(Stored items)
*** Block opens ***

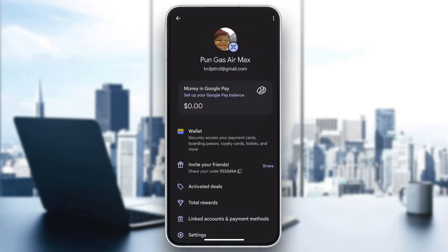In this menu you can see all of your money, your wallet, invite friends, and so on. To be able to see your UPI ID, go ahead and click on the option that says 'Linked accounts and payment methods.' Above settings, there is an option that says 'Linked accounts' — go ahead and click on that.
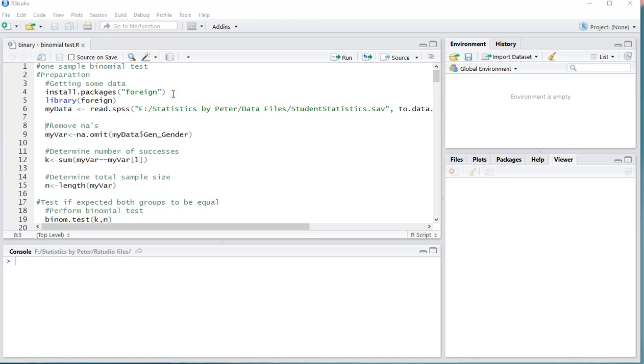Welcome, in this video I'm going to show you how you can perform a one-sample binomial test using R, specifically RStudio.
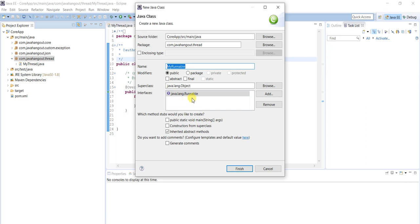As mentioned, the Runnable interface has one abstract method — that is the run method. That's why it is added by default. There is also an option to add comments. Adding comments is a good practice in real-time projects.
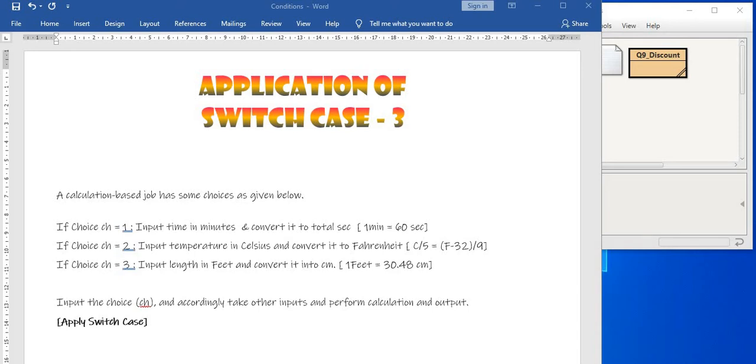Hello, application of switch case program example number 3. This is my 9th program on condition handling.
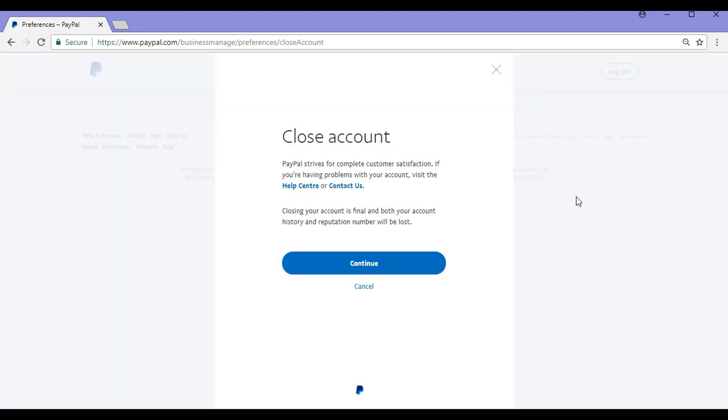After you've clicked the Close Account button, you may need to verify your account by text or email and once you've done so, you'll see the Close Account page.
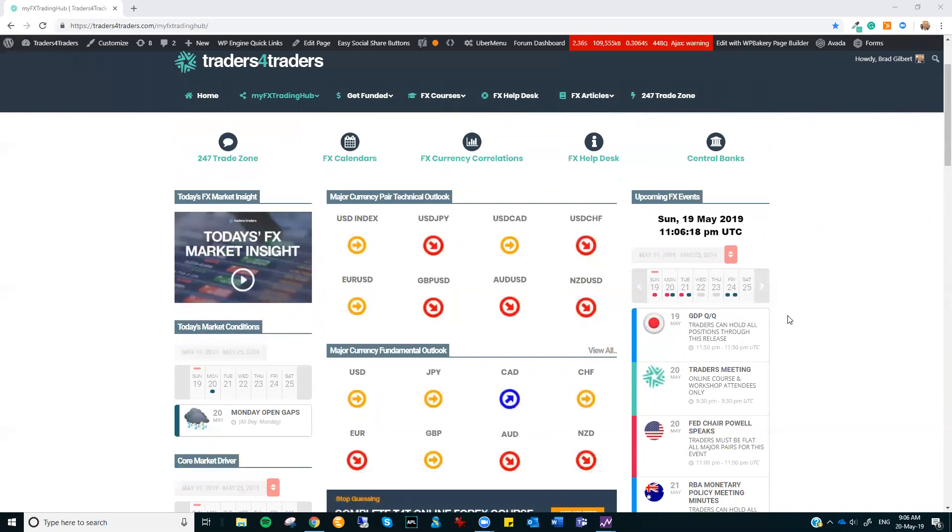All right, guys, that's it from me. We'll catch you in the 247 Trade Zone. Have a great trade week. Cheerio.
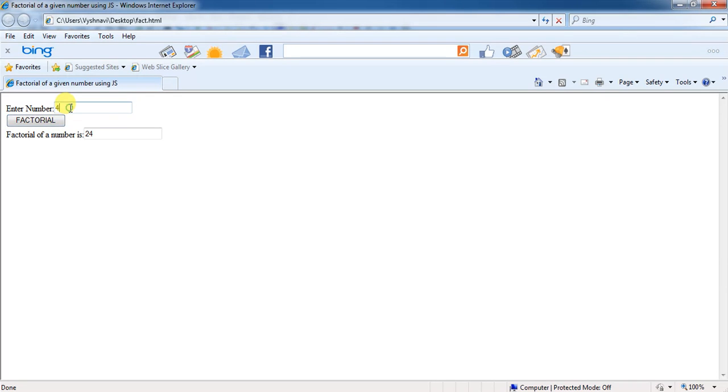Similarly, you can check the factorial for some other numbers also. Here, I will try to check for factorial of 10. Then, I will click on the factorial button.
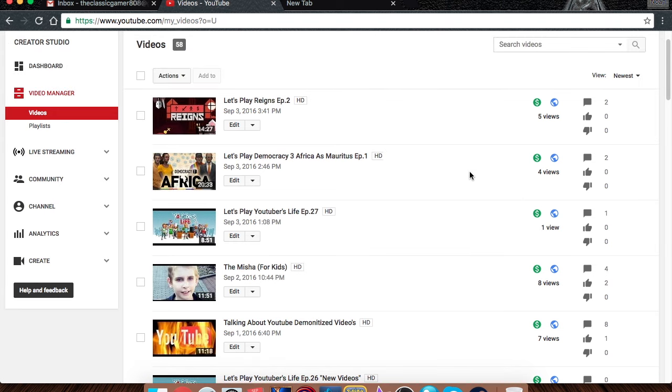Now my other videos, like my Mauritius campaign, I'm getting 4, 5, 6, 7, 8 views.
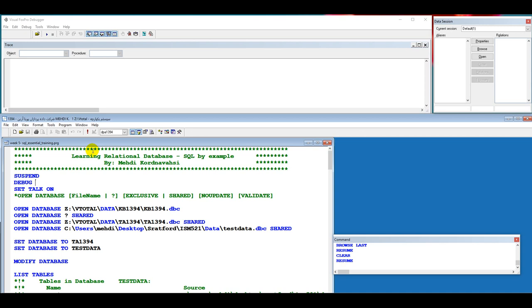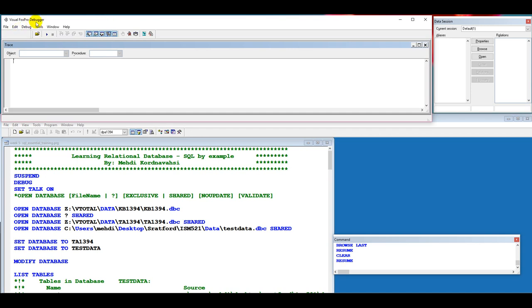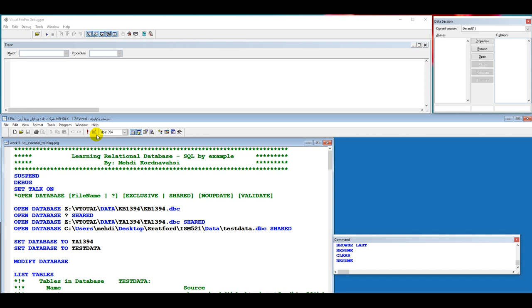First of all, I started with the SUSPEND command because I want to use a utility in Visual FoxPro named debugger. With the debugger we can execute line by line the commands in the program and see the result. The SUSPEND command stops the execution of the program and with this command we can execute the next command.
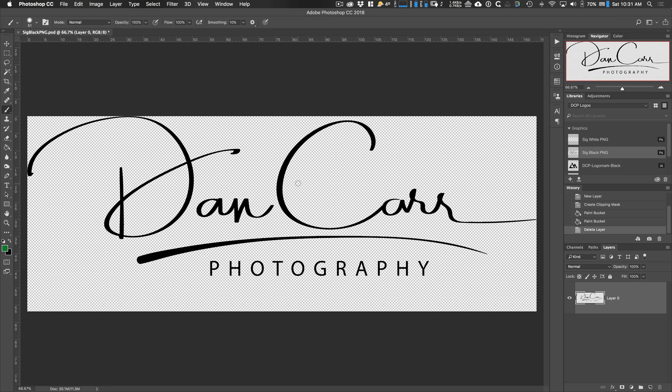Hey what's up guys, Dan Carr here from Shuttermuse.com. Today I'm going to show you how to change the color of your PhotoLogo file in Photoshop. What we see here on the screen is a logo that I had created for my photography business with the PhotoLogo service. I absolutely love it, I think it's fantastic.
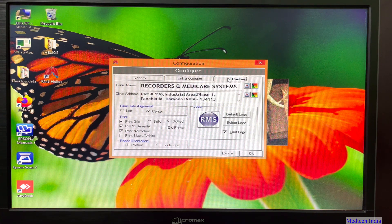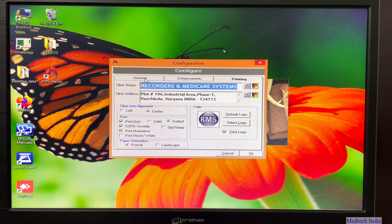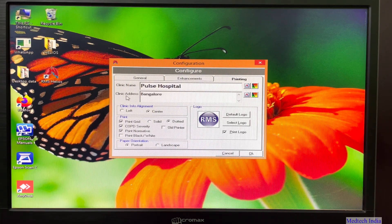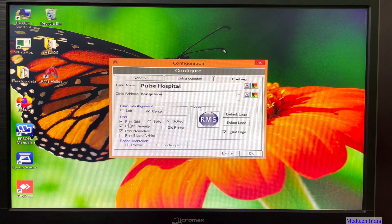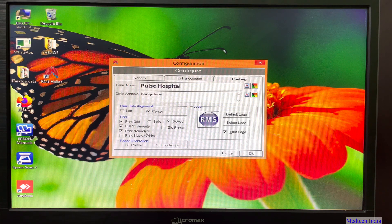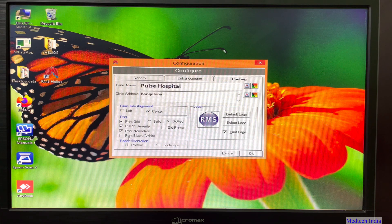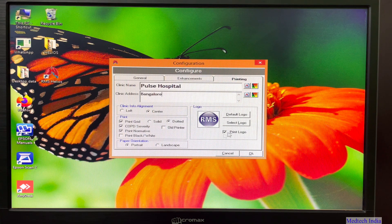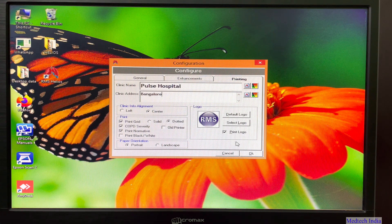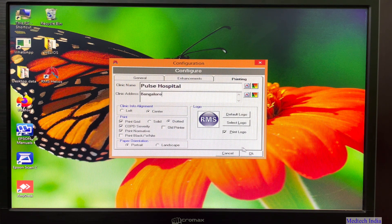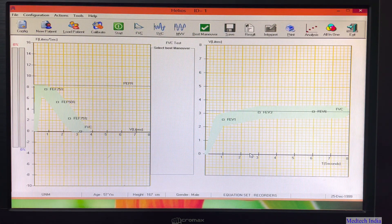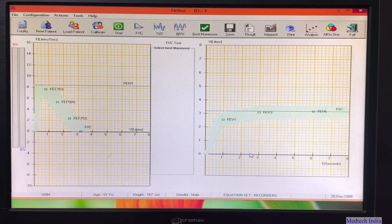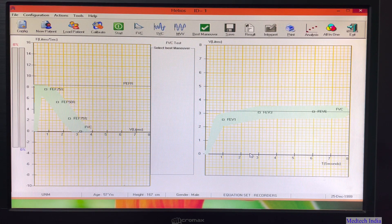Then go to printing. Here we can change clinic name and clinic address. There are other printing settings also available such as info alignment, print grid solid or dotted, print on black and white paper, paper orientation portrait or landscape. And we can change the logo also. You have to go to select logo, you can select your hospital logo. Then press on OK. Now after clicking on OK, you will get graph window. So it means your device, your software is ready for performing the test now.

*** Block closes ***

Description of the task => The lines from the top of the data above through the one holding "After you've clicked" are to be repeated exactly, and only those, with no pictures.

Response to this exercise =>
In this menu you can see all of your money, your wallet, invite friends, and so on. To be able to see your UPI ID, go ahead and click on the option that says 'Linked accounts and payment methods.' Above settings, there is an option that says 'Linked accounts' — go ahead and click on that.
Welcome, in this video I'm going to show you how you can perform a one-sample binomial test using R, specifically RStudio.
As mentioned, the Runnable interface has one abstract method — that is the run method. That's why it is added by default. There is also an option to add comments. Adding comments is a good practice in real-time projects.
Hello, application of switch case program example number 3. This is my 9th program on condition handling.
After you've clicked the Close Account button, you may need to verify your account by text or email and once you've done so, you'll see the Close Account page.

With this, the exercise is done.